Everything from the first line of the material to the line containing "Appartement à AMELIE-LES-BAINS-PALALDA", inclusive, must be given again exactly; no pictures, and nothing past that line.
------------------------
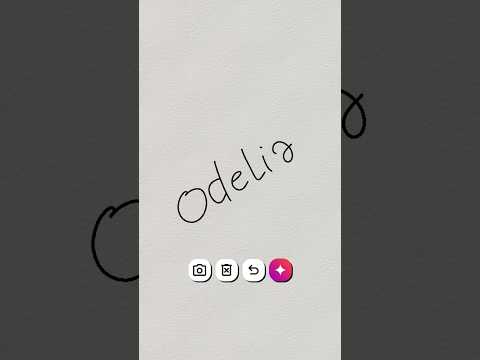 Odelia #flowers #name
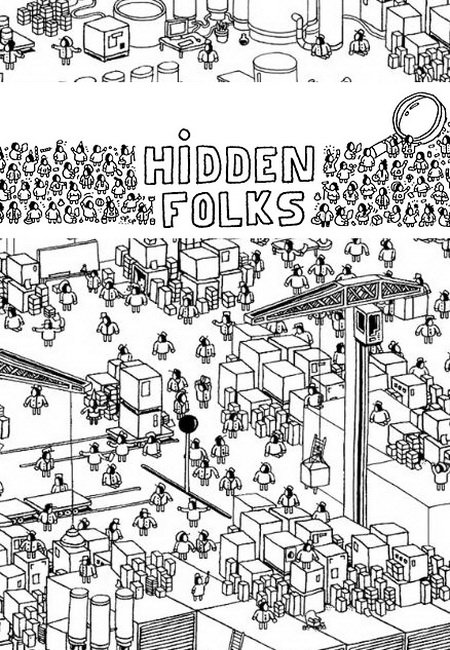 Hidden Folks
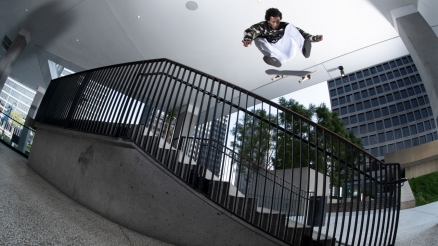 Adidas Skateboarding by FA Collection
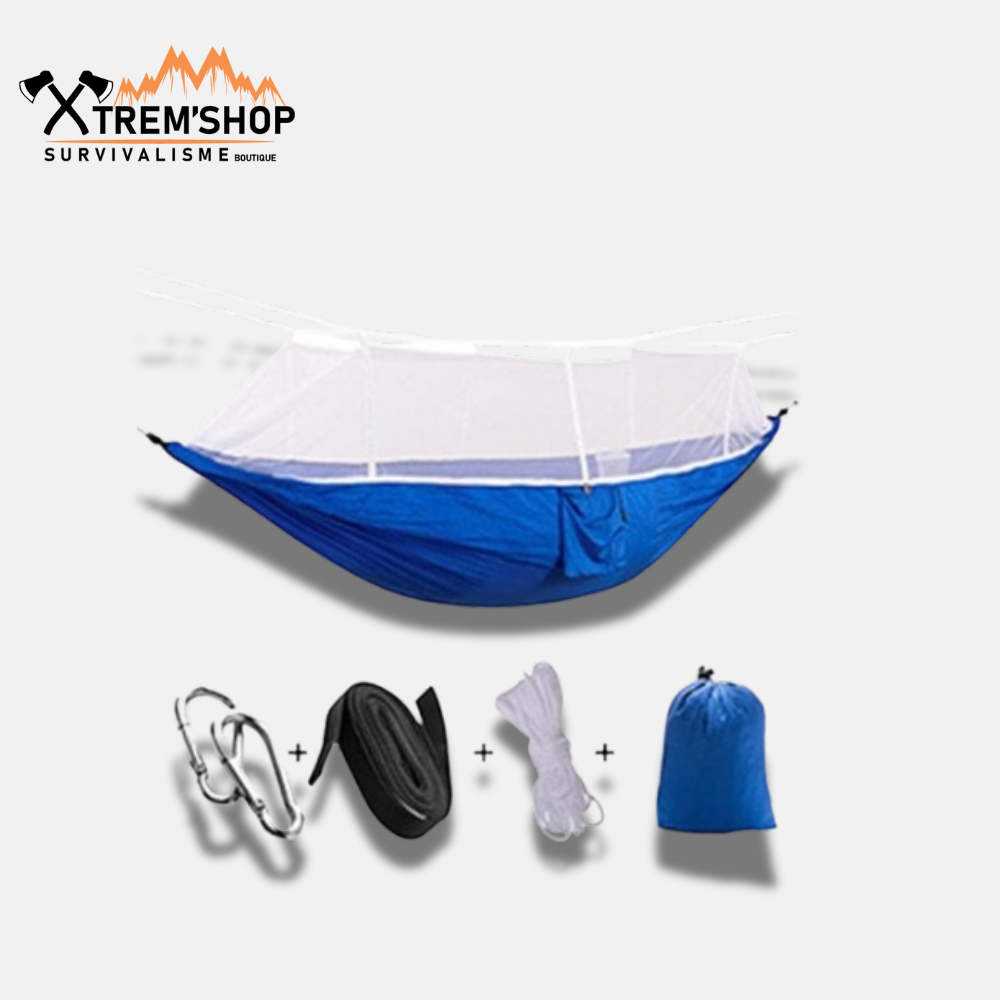 Hamac de survivalisme outdoor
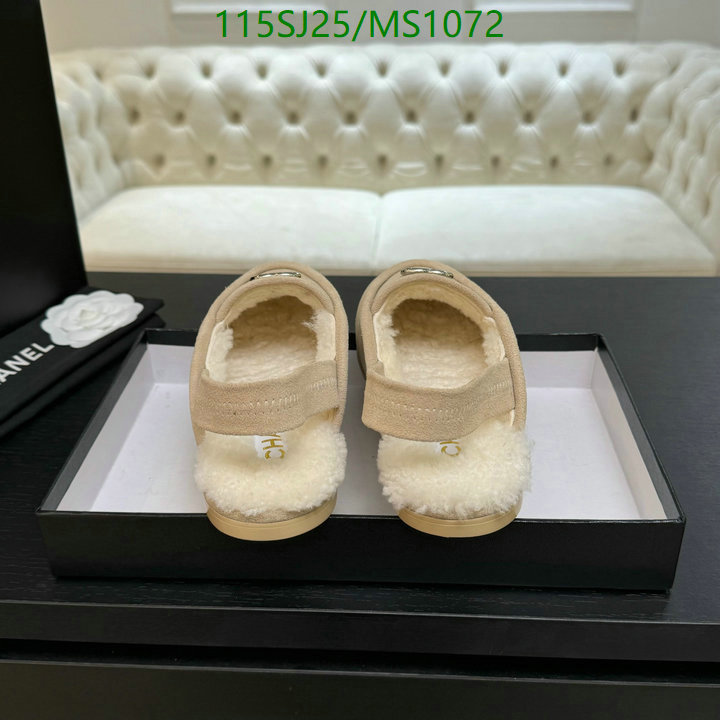 Chanel-Women Shoes Code: MS1072 $: 115USD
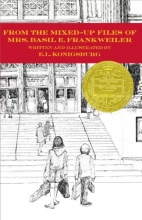 Cover art for From the Mixed-Up Files of Mrs. Basil E. Frankweiler
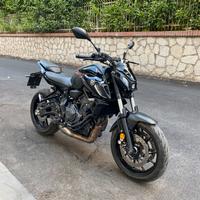 Yamaha mt 07 35 kw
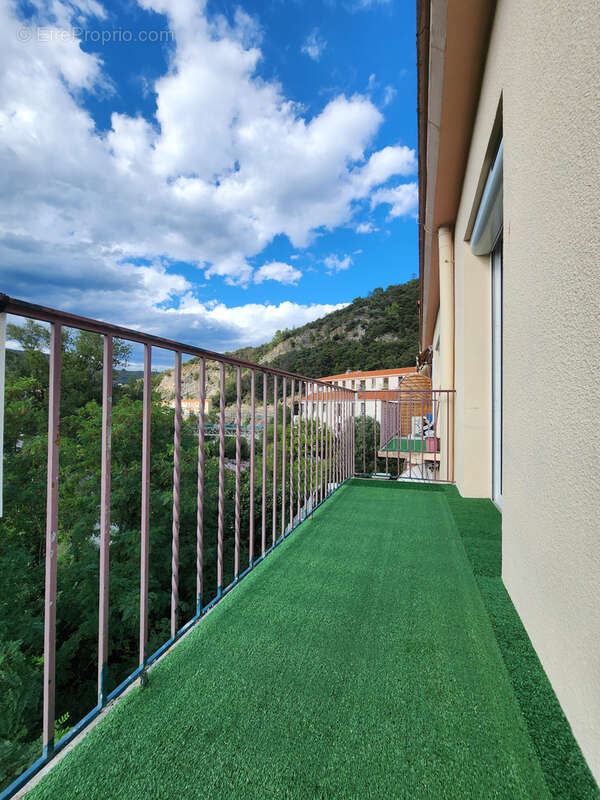 Appartement à AMELIE-LES-BAINS-PALALDA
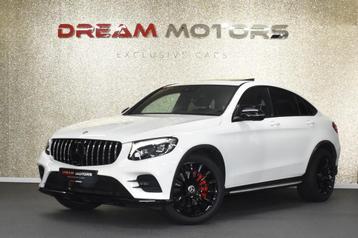 Mercedes-Benz GLC-klasse Coupé 250 AMG 4MATIC | SCHUIFDAK | beschikbaar voor biedingen
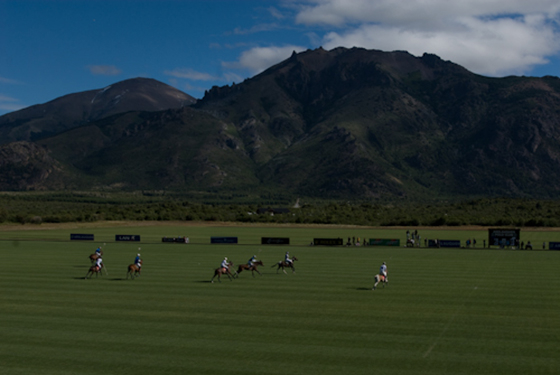 Polo in Patagonia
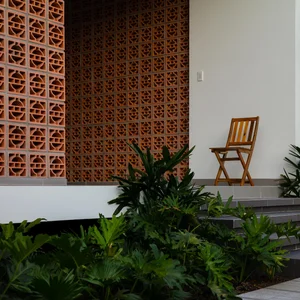 Small House 02: A Stunning 170m2 Modern Home with Central Courtyard in Ben Tre - image 20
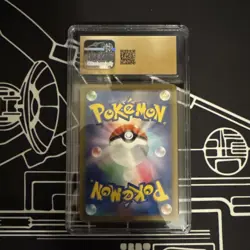 Pokemon CGC 10 PRISTINE Detective Pikachu Promo 2023 098/SV-P Pre Order Japanese - Image 2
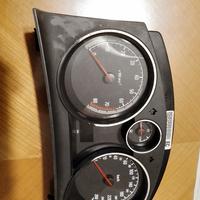 quadro strumenti zafira b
------------------------
#### Result of this task:
 Odelia #flowers #name
 Hidden Folks
 Adidas Skateboarding by FA Collection
 Hamac de survivalisme outdoor
 Chanel-Women Shoes Code: MS1072 $: 115USD
 Cover art for From the Mixed-Up Files of Mrs. Basil E. Frankweiler
 Yamaha mt 07 35 kw
 Appartement à AMELIE-LES-BAINS-PALALDA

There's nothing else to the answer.